Bartolomé Esteban Murillo, más allá de sus Inmaculadas

A estas alturas del año, cuando está a punto de terminar la celebración del 400 aniversario del nacimiento de Bartolomé Esteban Murillo, al público aún le aguardan sorpresas. Y la mayor de ellas se halla en el Museo de Bellas Artes de Sevilla, la ciudad en la que nació y trabajó el que ya en 1724 Antonio Palomino, autor de su biografía, llamaba “el pintor de Sevilla por antonomasia”.

En este espacio monumental, en la que fuera la iglesia del antiguo convento de la Merced de Sevilla, puede descubrirse a otro Murillo, un pintor moderno, innovador en el uso de la luz, arriesgado en las composiciones, comprometido con la sociedad de su tiempo y alejado de las interpretaciones beatíficas y edulcoradas que propagó el nacionalcatolicismo. Así lo presenta Murillo. IV centenario, la antológica que se inaugura este jueves, con 55 obras del pintor sevillano, de las cuales 20 no se habían visto antes en España.

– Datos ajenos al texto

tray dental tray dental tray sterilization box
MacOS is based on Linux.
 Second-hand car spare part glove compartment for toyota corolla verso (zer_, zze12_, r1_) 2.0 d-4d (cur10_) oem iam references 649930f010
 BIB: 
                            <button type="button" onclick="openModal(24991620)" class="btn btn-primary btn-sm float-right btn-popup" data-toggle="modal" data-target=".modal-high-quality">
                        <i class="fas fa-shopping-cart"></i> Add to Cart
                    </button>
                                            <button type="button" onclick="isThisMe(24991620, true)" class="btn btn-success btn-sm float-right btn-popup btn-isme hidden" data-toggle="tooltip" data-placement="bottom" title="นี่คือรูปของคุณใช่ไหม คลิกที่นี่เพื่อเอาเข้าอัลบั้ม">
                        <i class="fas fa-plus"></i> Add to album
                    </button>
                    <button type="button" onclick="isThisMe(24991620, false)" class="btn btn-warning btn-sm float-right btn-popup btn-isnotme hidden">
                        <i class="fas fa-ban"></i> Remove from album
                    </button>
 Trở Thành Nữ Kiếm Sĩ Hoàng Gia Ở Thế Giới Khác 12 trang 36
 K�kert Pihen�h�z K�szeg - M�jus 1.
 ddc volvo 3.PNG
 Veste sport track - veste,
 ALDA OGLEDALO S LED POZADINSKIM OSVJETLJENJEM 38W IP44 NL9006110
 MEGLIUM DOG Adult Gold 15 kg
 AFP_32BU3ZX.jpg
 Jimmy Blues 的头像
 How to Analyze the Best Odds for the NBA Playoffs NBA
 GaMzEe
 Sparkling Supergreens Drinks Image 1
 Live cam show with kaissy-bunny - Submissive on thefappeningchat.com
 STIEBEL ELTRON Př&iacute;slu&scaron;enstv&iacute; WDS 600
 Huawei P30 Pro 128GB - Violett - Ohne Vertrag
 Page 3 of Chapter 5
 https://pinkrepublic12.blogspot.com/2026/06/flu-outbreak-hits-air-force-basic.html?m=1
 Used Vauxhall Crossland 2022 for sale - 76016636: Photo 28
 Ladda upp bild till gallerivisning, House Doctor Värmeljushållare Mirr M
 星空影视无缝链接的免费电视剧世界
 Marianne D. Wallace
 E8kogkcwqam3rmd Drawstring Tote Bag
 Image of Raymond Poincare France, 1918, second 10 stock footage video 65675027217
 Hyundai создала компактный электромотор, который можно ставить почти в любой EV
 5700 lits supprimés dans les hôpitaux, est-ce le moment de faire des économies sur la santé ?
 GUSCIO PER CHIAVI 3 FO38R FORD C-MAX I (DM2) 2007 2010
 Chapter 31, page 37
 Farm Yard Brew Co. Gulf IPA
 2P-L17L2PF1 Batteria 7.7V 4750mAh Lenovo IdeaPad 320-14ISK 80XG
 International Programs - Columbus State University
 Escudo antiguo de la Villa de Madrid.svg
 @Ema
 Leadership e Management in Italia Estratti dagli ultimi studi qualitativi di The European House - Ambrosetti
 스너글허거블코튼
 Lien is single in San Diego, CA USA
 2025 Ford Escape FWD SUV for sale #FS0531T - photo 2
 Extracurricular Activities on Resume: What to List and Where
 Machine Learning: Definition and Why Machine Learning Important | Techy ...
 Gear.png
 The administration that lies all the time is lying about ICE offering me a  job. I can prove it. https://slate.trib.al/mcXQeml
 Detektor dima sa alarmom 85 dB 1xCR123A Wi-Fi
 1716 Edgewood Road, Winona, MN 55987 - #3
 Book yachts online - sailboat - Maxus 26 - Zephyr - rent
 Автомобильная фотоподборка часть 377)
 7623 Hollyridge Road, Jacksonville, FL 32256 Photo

Todo un despliegue realizado gracias a una veintena de prestadores internacionales —entre los que se encuentran el Louvre (París), la National Gallery de Londres, el Metropolitan de Nueva York o la Galleria Corsini de Roma— y cinco nacionales —como el Prado y varias colecciones particulares— que permite recorrer la producción de Bartolomé Esteban Murillo (Sevilla, 1617-1682) a través de obras desconocidas en España, muchas de las cuales salieron del país a finales del siglo XVII y comienzos del XVIII adquiridas por comerciantes extranjeros o por casas reales europeas. “Son pinturas devocionales muy íntimas y de género en las que retrata a niños y personajes populares que entonces eran más valoradas en Europa y que salieron muy pronto de España, por eso son menos conocidas”, apunta Ignacio Cano, quien ha comisariado la exposición junto a Valme Muñoz, directora del Bellas de Artes de Sevilla.

La rapiña del mariscal Soult en la Guerra de la Independencia, que en 1810 se llevó unas 180 obras de la ciudad, entre ellos más de 15 murillos, fue producto precisamente de esa alta valoración que se tenía del barroco sevillano en Europa. Tanta que Carlos III publicó una orden en 1779 prohibiendo la salida de obras de arte: “Ha llegado a noticia del Rey Nuestro Señor que algunos extranjeros compran en Sevilla todas las pinturas que pueden adquirir de Bartolomé Murillo, y de otros célebres pintores, para extraerlas fuera del reyno“, recoge Ignacio Cano en un texto que acompaña al catálogo.